From January to October 2022, excessive rainfall and widespread monsoon flooding occurred in the South Asian countries of Afghanistan, Bangladesh, India, Nepal, Pakistan, and Sri Lanka. It has become the region's deadliest floods since 2020, with over 4,700 people dead.

== Background ==
Monsoons hit South Asia every year, mostly between June and September. Every year, floods affect the Indian subcontinent, collapsing buildings and causing landslides. Climate change in South Asia has exacerbated these storms.

== Countries affected ==
=== Pakistan ===

Floods in Khyber Pakhtunkhwa killed eight people in January, however from June 2022, floods affected most of Pakistan, affecting around 33 million people, or 12% of the country's population. Over two million houses were damaged or destroyed by flooding, and over US$40 billion worth of damage has been caused. At least 1,760 people were killed by flooding, most of them in the provinces of Sindh, Balochistan, Khyber Pakhtunkhwa, and Punjab.

=== India ===
In late May, floods have affected over 4,000 villages in the Indian states of Assam and Bihar, killing at least 186 people. Floods continued to affect Assam in June, killing a further 200 people. From June to July, floods in Maharashtra killed 105 people. From June to August, floods have also affected the northwest of the country, killing at least 40 and leaving 13 others missing in the Indian state of Uttarakhand while 276 others died in Himachal Pradesh. Floods have also affected the state of Odisha, killing six. In Gujarat, floods have killed at least 61 since June. On 30 June, 58 people died, 3 went missing, and 18 were injured after a landslide occurred in the Noney District of Manipur. On 8 July, 16 people died while 40 were missing after floods during the 2022 Amarnath Yatra in Jammu and Kashmir. From 18 to 23 August, a tropical storm caused floods to affect the coast of eastern India, killing 14 people. In September, hundreds of homes were damaged and 12 people died in floods in Uttar Pradesh, including nine from a collapsing wall. Floods in October killed at least 18 people. In total, 2,035 people were killed by flooding in India throughout 2022.

=== Bangladesh ===

Since 17 May, floods have affected parts of Bangladesh. At least 141 people were killed, most of them in the Sylhet Division. In October, Cyclone Sitrang caused an additional 35 fatalities.

=== Nepal ===

Floods and landslides in the first nine months of 2022 have killed at least 70 people in Nepal.
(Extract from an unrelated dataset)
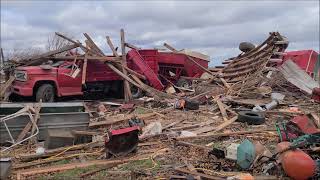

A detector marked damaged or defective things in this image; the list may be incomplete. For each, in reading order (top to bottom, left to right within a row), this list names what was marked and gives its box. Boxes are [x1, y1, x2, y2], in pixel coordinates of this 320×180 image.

splintered lumber [16, 153, 152, 179] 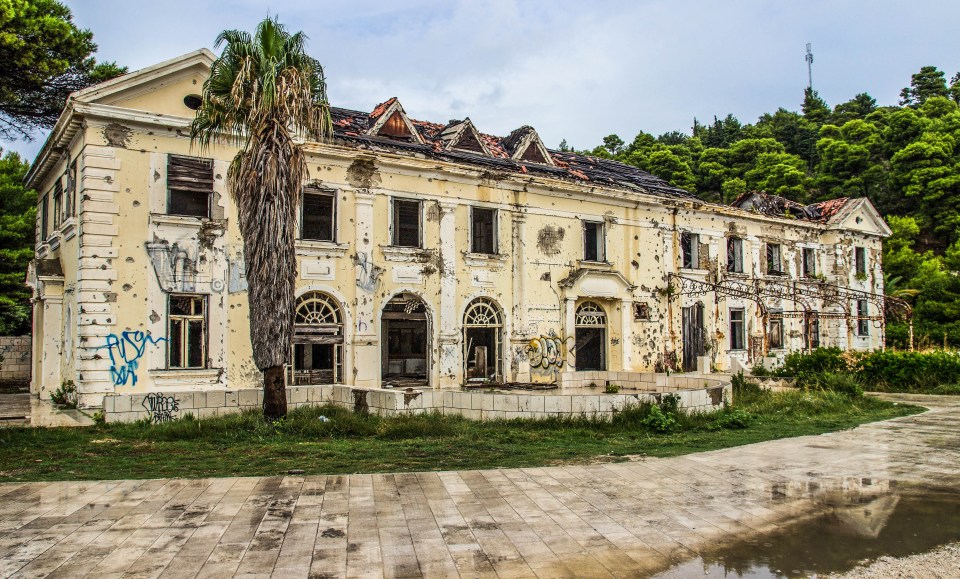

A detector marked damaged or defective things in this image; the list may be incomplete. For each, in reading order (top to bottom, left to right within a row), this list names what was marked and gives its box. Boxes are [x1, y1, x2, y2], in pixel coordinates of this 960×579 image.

On 16 September, a landslide killed 22 people and left 10 missing in Achham District. At least 46 people were killed and 22 were left missing by heavy flooding in October, with Karnali Province being the worst affected.

=== Sri Lanka ===
Three deaths have been reported due to floods in Sri Lanka in June, and hundreds of homes had been damaged. In October, an additional three deaths occurred and over 210 houses were damaged or destroyed.